WASHINGTON (Reuters) - U.S. President Barack Obama on Friday said he spoke to Israeli Prime Minister Benjamin Netanyahu about the situation in Gaza, underscoring the U.S. support for Israel to defend itself but raising concerns about consequences of wider conflict.
Obama said he reaffirmed the United States' strong support for its ally but that he "also made clear the United States ... and our allies are deeply concerned about the risks of further escalation and the loss of more innocent life."
"We are hopeful that Israel will continue to approach this process in a way that minimizes civilian casualties," Obama told reporters at the White House.

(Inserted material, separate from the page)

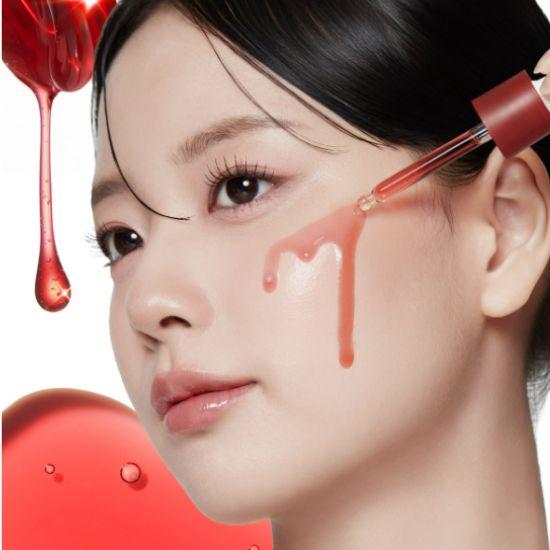 Medicube EGF NAD+ Firming Serum Elasticity & Anti-Aging Care 30ml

Obama's remarks come amid escalating violence in the region between Israel and Palestinian militants. On Friday, Israel intensified its land offensive in Gaza and warned it could "significantly widen" an operation that Palestinian officials said was increasingly killing civilians.[ID:nL6N0PT00D]
During the phone call, a siren went off warning of a rocket attack from Gaza, both leaders said.
Netanyahu told Obama that "this is the reality for millions of Israeli citizens," according to a statement from the prime minister's office.
Obama also said he told Netanyahu that U.S. Secretary of State John Kerry is also prepared to visit the region.
"All of us are working hard to return to the cease-fire that was reached in November of 2012," Obama said.
Netanyahu thanked Obama for U.S. support of Israel's right to defend itself, and the Israeli leader said that the Islamist group Hamas, by using Palestinians in Gaza as human shields, was responsible for any harm to them, the statement from the Israeli leader said.